In a statement from a campaign aide, Rubio didn’t respond directly to Ingram’s account, but didn’t deny Ingram’s contention about the remodeling expenses. The statement attributed Ingram’s account to political motives from someone who’s now a Rubio opponent.

Rubio also repeated his refusal to release all of the billing records for his party credit card, calling it “an internal party matter.”

But in e-mails about the subject to Ingram, which Ingram provided to the Tribune, Rubio says he has all the credit card records himself. Rubio indicates in the e-mails that he has four years of records, rather than the two years’ worth that have been released by the party.

The Rubio campaign is trying to dismiss Ingram, who writes a conservative blog called Irreverent View, as a disgruntled guy whose “services” were deemed not needed by the campaign. And Rubio is continuing to insist that he received, and paid, his own American Express bill. But back in April, The Reid Report reached out to Republican Party of Florida spokesman Katie Gordon Betta, and this is what she said, on the record, in regard to Mr. Rubio and his credit card:

Speaker Rubio received the statements directly for a period of time, and then under Chairman Greer’s administration the Party received the statements directly.

Which led me to the following conclusions back then:

Again: the change in how Mr. Rubio’s ” AMEX bills were handled happened under Jim Greer’s administration, which began not long after Rubio became speaker of the House in 2006. So contrary to Rubio’s statements that “I made payments out of my own pockets directly to American Express,” the party says it was receiving the bill. And clearly, Rubio believes Jim Greer was receiving, or at least had access to those statements, because it was Rubio who accused Greer of leaking them to the press.

Rubio, according to the Herald/SPTimes investigation, went as long as six months without making a bill payment (and yet the card wasn’t cancelled, which means somebody was presumably paying the bills…) frequently used the card for routine private expenditures (plus a not-so-routine $130haircut) and in the end, repaid the party in a lump sum for about $16,000 of the $109,618he spent. But he didn’t pay the party back for everything. As you’ll recall, the party picked up the tab for a purchase at the Apple computer store, and for the repair of the Rubio family minivan, among other things, and the party also sprang for a luxury trip to Georgia for Rubio, his top aide Richard Corcoran, and his “12 disciples” to attend the Rubio family reunion. The party’s donors (and all Florida taxpayers including Democrats, since Rubio had a tendency to double bill) picked up the tab to fly Rubio to work in Tallahasse, and to fly his wife, the so-called “first lady of the Florida House” around the state. As one Republican put it not long ago, this was part of the “culture of entitlement” Rubio and his friends created at the time.

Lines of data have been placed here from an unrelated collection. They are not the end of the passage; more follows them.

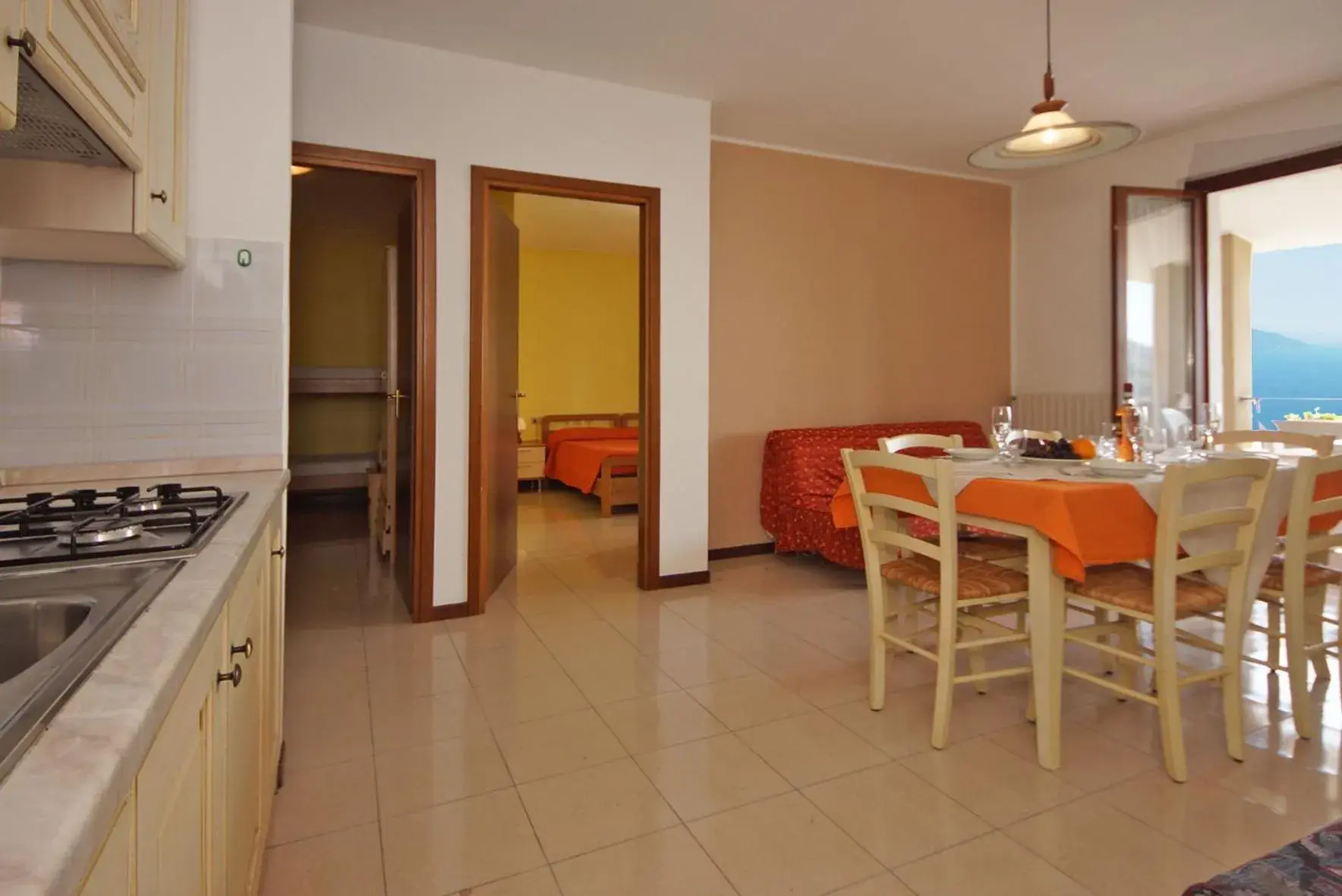 Dining area, Kitchen/Kitchenette in Hotel Residence La Rotonda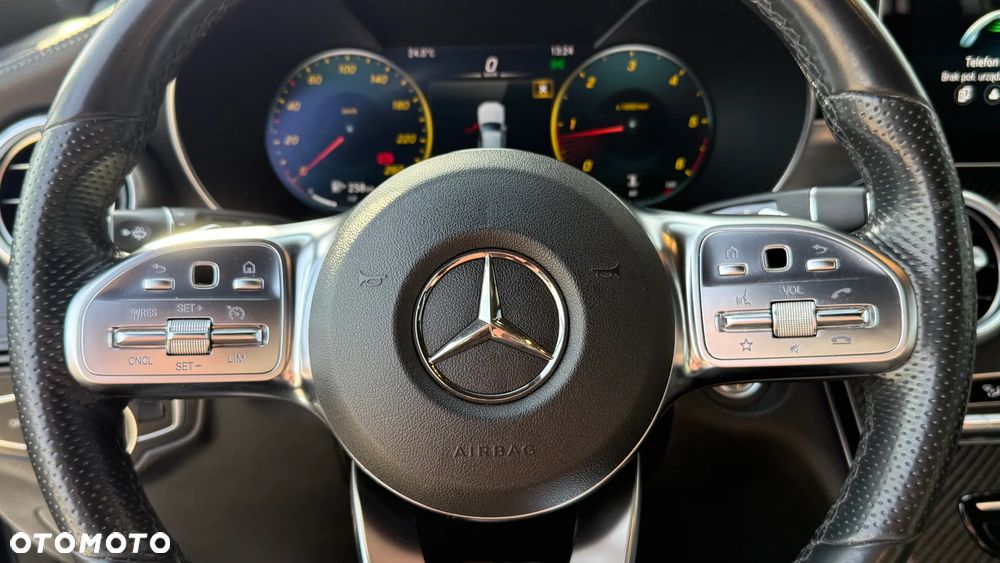 Mercedes-Benz GLC 300 d 4Matic 9G-TRONIC AMG Line - 21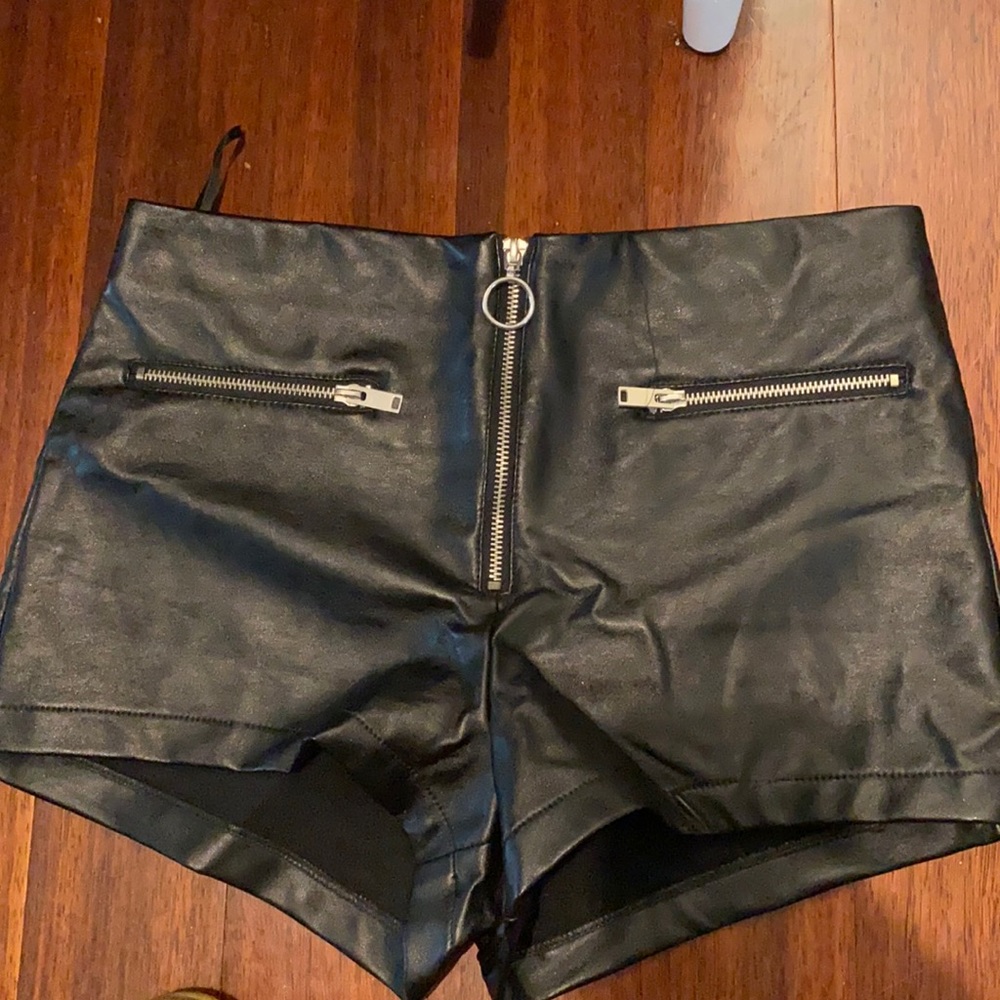 Faux leather F21 shorts with silver details Size M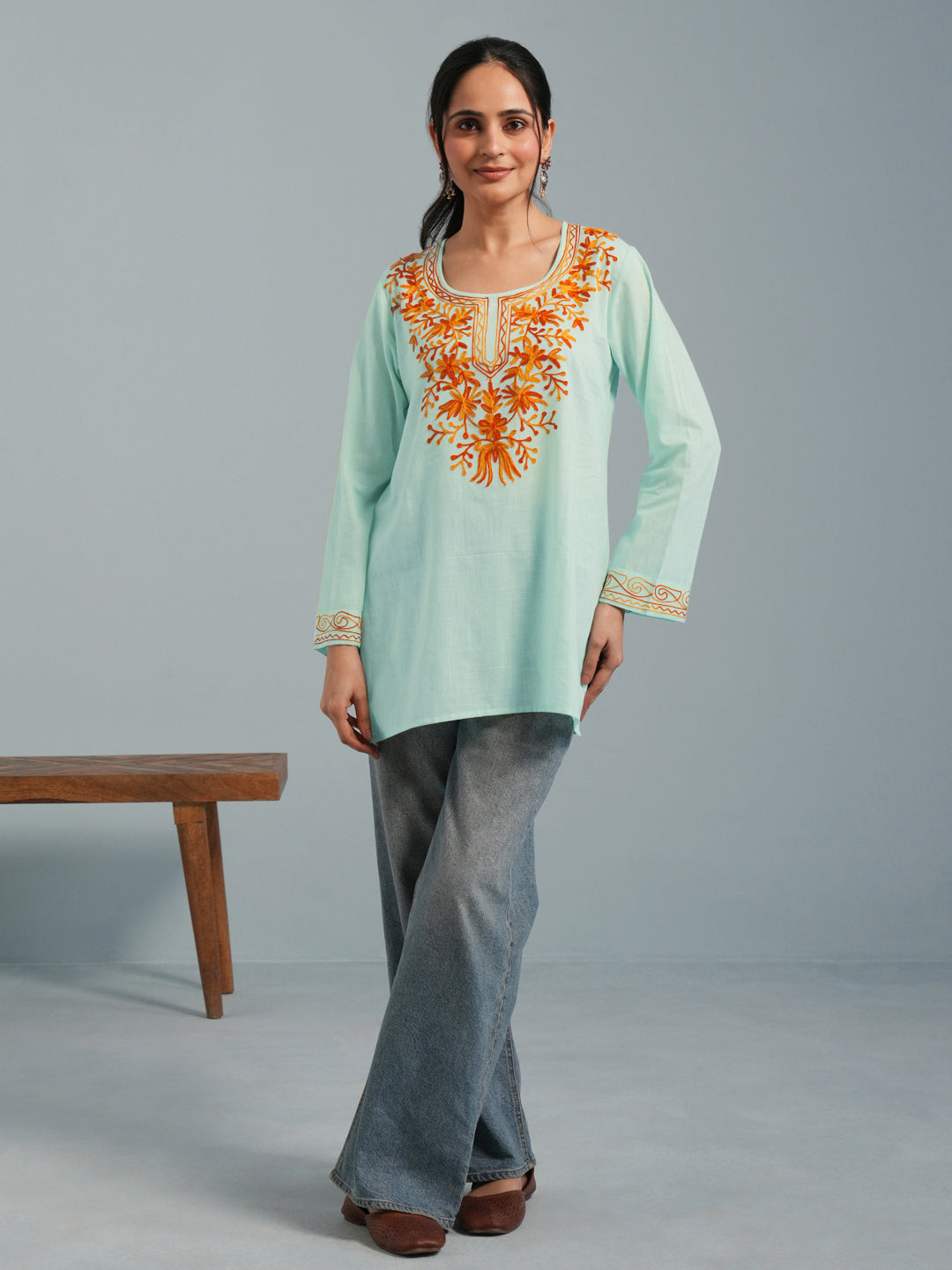 Light Green Kashmiri Aari Embroidered Rayon Kurta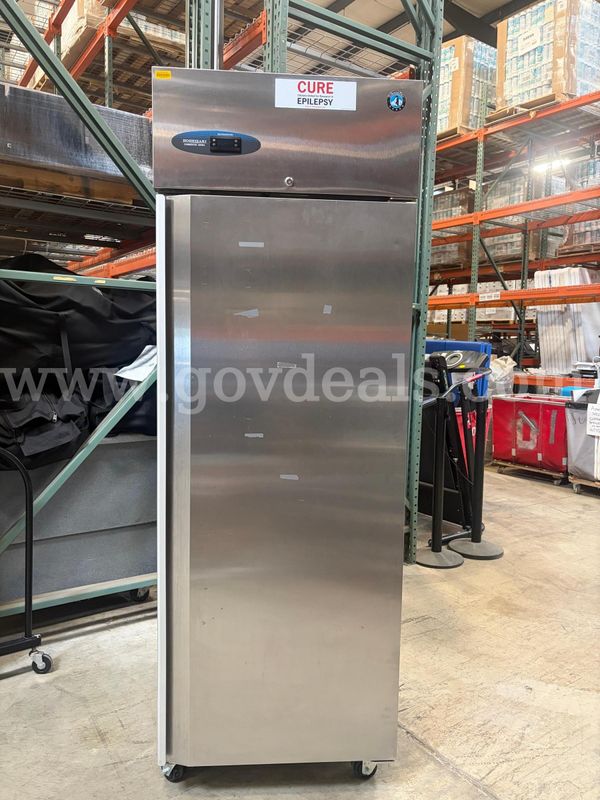 Commercial Reach-In Refrigerator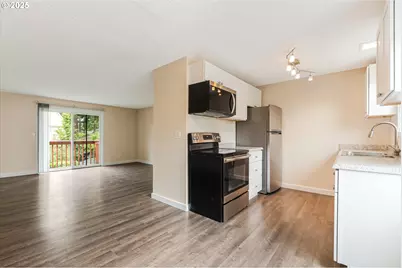 16825 SE Powell Blvd, Portland, OR 97236 - Photo 7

Back to two important points from March’s story:

Rubio also repeated his refusal to release all of the billing records for his party credit card, calling it “an internal party matter.”

But in e-mails about the subject to Ingram, which Ingram provided to the Tribune, Rubio says he has all the credit card records himself. Rubio indicates in the e-mails that he has four years of records, rather than the two years’ worth that have been released by the party.


Rubio has said in the past that he paid the credit card company directly for all personal expenses that he put on his party credit card – about $16,000 worth — and reimbursed the party for the cost of state government-related airplane flights he inadvertently missed.

“There was never any Republican Party money ever spent on any of those personal charges,” he said in a Tampa Tribune editorial board interview last week.

He said a travel agent charged the flights to the credit card. In another instance, he said a hotel that had the card number for a party meeting billed the card for charges for a Rubio family reunion.

But again, the official position of Mr. Rubio’s party is that they, not he, were both receiving, and paying his American Express bill during Jim Greer’s tenure, which overlapped Mr. Rubio’s tenure almost completely.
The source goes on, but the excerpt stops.